It’s not uncommon to find that multiple URLs lead to the same page on a website. For instance, the www and the non-www version of the website. However, not all these links are created equal, and some may be considered “non-canonical” (duplicates). To avoid confusion for search engine crawlers, website owners should specify which URL is canonical (most important) and should be crawled and indexed.
💡 Recommended Reading: Canonical URL: What it is and How to use it
What is a Non-Canonical URL in sitemap?
A sitemap should list all those pages of a website that you want the search engines to crawl and index. Suppose you include non-canonical URLs in your sitemap. In that case, you are essentially sending misleading signals to the search engines, instructing them to index a URL that declares another URL as the canonical version.
Why is it important?
If you send misleading signals to the search engines, they might ignore your sitemaps leading to indexability issues for your website. So for correct indexation, ensure that you only include Canonical URLs in the sitemap.
How to check for non-canonical URLs in sitemap?
To identify non-canonical URLs in the sitemap, you can either use paid tools like Ahrefs and Semrush or use the free Non-Canonical Pages in Sitemap Checker google sheet that I created.
Here’s how you can use it:
Step 1: Make a copy of the google sheets
Open the Non-Canonical Pages in Sitemap Checker and click on create a copy.
Step 2: Put your Sitemap and Click on Extract URLs
Put your sitemap in cell B2. Ensure that you’re not putting the sitemap index. Once you’ve done that click on Extract URLs under the Canonical Links in Sitemap option. You might be asked to Authorize the App Script for the first time.

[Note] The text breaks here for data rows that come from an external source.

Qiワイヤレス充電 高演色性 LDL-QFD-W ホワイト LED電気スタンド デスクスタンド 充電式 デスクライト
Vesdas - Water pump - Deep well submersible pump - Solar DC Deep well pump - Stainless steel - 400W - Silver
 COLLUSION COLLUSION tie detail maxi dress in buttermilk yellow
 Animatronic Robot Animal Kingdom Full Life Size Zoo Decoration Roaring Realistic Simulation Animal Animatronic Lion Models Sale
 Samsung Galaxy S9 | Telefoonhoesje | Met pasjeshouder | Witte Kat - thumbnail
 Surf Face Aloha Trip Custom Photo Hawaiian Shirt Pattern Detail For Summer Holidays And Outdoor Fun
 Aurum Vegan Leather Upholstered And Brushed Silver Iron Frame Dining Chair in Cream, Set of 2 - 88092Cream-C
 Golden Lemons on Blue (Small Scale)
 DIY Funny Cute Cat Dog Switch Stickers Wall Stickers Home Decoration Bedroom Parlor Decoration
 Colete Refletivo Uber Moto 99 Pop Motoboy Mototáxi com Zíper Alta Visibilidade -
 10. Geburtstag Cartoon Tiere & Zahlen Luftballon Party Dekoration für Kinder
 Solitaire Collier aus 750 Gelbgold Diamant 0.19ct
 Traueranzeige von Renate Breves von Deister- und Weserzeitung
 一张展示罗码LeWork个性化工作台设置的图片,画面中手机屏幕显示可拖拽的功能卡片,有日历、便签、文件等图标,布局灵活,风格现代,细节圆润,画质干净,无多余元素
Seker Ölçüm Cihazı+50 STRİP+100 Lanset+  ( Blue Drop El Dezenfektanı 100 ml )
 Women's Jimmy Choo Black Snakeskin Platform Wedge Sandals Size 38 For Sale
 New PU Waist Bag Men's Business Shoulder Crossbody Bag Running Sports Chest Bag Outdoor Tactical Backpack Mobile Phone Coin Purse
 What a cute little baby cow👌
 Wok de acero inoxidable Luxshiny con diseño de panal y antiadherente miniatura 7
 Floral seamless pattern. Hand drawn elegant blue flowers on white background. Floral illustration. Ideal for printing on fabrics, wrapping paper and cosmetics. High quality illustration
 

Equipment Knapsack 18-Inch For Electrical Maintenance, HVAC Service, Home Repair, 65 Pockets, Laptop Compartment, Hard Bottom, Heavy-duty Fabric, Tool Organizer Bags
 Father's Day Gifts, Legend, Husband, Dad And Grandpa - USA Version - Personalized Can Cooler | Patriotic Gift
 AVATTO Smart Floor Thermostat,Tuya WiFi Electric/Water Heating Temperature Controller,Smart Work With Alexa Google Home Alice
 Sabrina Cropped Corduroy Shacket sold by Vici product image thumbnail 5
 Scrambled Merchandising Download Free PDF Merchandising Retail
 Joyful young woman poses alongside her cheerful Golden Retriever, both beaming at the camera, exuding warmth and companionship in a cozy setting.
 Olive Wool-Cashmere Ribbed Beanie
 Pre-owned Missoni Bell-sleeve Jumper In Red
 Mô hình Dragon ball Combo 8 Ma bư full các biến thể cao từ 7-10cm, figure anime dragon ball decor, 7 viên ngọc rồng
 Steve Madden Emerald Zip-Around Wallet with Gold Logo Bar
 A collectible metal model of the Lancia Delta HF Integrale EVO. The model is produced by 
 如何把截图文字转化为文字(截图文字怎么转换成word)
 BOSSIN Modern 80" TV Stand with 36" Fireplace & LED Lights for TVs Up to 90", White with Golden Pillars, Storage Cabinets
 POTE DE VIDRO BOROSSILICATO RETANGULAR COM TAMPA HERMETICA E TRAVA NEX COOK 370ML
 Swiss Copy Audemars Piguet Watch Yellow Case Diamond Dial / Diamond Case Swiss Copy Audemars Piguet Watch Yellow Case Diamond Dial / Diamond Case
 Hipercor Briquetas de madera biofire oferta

Once you authorize, just run the tool again.
Step 3: Identify the non-canonical URLs in sitemap
Any Non-Canonical URLs in sitemap will show a red cell in the Match Column.
Once you have identified the non-canonical URLs in the sitemap, you can either:
- Replace the non-canonical URLs with canonical URLs in the sitemap, or
- Change the canonical version of the URL to the one submitted in the sitemap.